I continue my series on demographic groups to watch in 2012. I am indebted in so many ways to uber-scholar and good friend Richard Florida who has written extensively about and defined the "creative class" worldwide. In the United States alone, this group accounts for 40 million adults who, in his widely-accepted model, are those who are employed in the fields of science and engineering; architecture and design; healthcare and education, business and management; arts, media and entertainment. They are a large group, a vital group in the development of any community or region, and provide both the critical mass, ideas, and energy to grow our metropolitan regions.

But where do they stand as voters? There were a number of key groups in the coalition that helped elect Barack Obama to the presidency in 2008. But when I look particularly at some key Red States which had voted for George W. Bush but turned Blue last election, there is almost a direct correlation between the development and expansion of its creative class and its increased support for Obama over 2004 Democratic Party nominee Senator John Kerry. New Hampshire was Red by only 7,000 votes, but it has a substantial cluster of creatives in the south as a part of the "Route 128" technology development linked to Boston. So, too with the fast-growing suburbs of Washington, DC in northeast Virginia. The Research Triangle and banking centers of Raleigh/Durham and Charlotte linked up with the solid African American and small but growing Hispanic communities in North Carolina. Miami/Dade and Broward counties played a critical in turning Florida Blue as did Santa Fe, New Mexico and Denver and Boulder, Colorado.

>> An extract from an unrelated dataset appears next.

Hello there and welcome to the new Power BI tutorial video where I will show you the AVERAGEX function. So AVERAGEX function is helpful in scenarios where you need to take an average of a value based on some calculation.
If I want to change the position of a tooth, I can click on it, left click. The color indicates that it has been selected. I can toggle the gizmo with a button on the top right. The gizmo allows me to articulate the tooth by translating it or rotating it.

So when we talk about 2012 being a base election, we already have seen in this column how vital Obama's support among Hispanics and African Americans will be. The fact that he is coming up a little short among young voters is a great cause for concern. But how is he doing among the creative class? In a nationwide poll of 1052 likely voters taken by JZ Analytics (August 15-16), we found that about one in three voters overall considered themselves members of the creative class. Given that the turnout was about 133 million voters in 2008, this figure looks about right in conjunction with Richard Florida's account of 40 million. In that poll, President Obama leads former Governor Mitt Romney 46% to 41% among all voters and his lead is a healthy 52% to 36% among creative class voters, with 12% undecided. We found this group more prepared to vote for a Democratic candidate for Congress in their district 45% to 31% (compared with 41% to 38% overall).

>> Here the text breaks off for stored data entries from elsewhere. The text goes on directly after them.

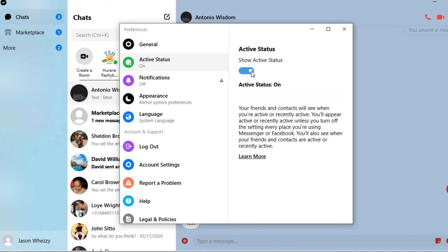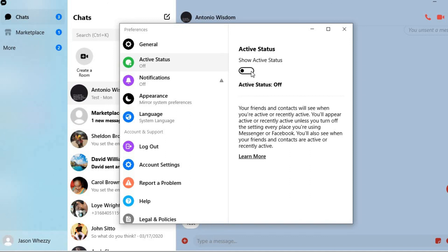Hope you found this video helpful and informative on how to turn on or turn off active status or hide when you're active on Facebook Messenger on your laptop or PC. Thank you for watching.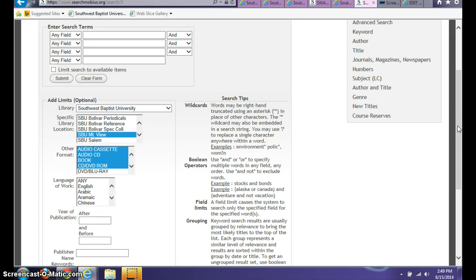If you have any further questions, don't hesitate to get in contact with Southwest Baptist University Libraries. We're here to bring the library to you.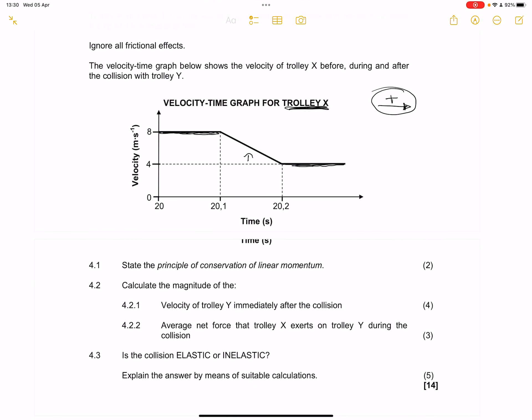They say state the principle of conservation of linear momentum. Please remember that in an isolated system, the total linear momentum is conserved or remains the same. Or you can say that in an isolated system, momentum before collision is equal to momentum after collision.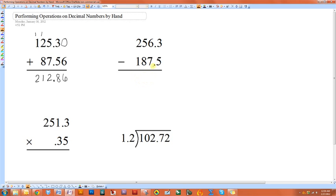Now if you want to subtract two decimal numbers, you're going to do essentially the same as you would if there were no decimal points. So just subtract them as if there were no decimal point there.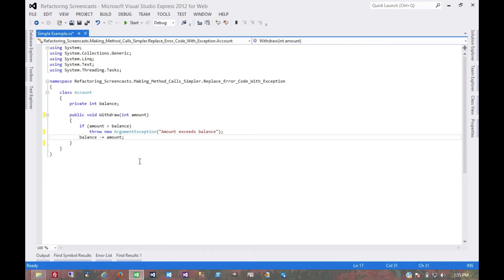That's pretty much it for the replace error code with exception pattern. Thanks for watching.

But this is not quite a rosy picture yet for Mr. Obama and his team. By 48% to 42%, creative class voters feel he deserves re-election - but he will need to secure a significant majority of these voters to win re-election. In the key state of North Carolina, where presently our polling (August 15-17) shows Romney leading by two points, creative class voters are tied at 46% over whether the President deserves re-election and the President leads his GOP challenger by only 10 points - 49% to 39%. That is not enough.

In Florida, there is a different story. The President leads overall by 7 points in our JZ Analytics Poll (August 15-17) and the creative class in Florida supports him by 20 points - 57% to 37%. By a factor of 53% to 40% feel he deserves re-election, and they rate his job performance positively 56% to 42%. That is certainly what he needs to maintain his lead in Florida - and numbers similar to these are what he will need in other battleground states to ensure his re-election.

Needless to say, this is a group I will be watching very closely throughout the campaign.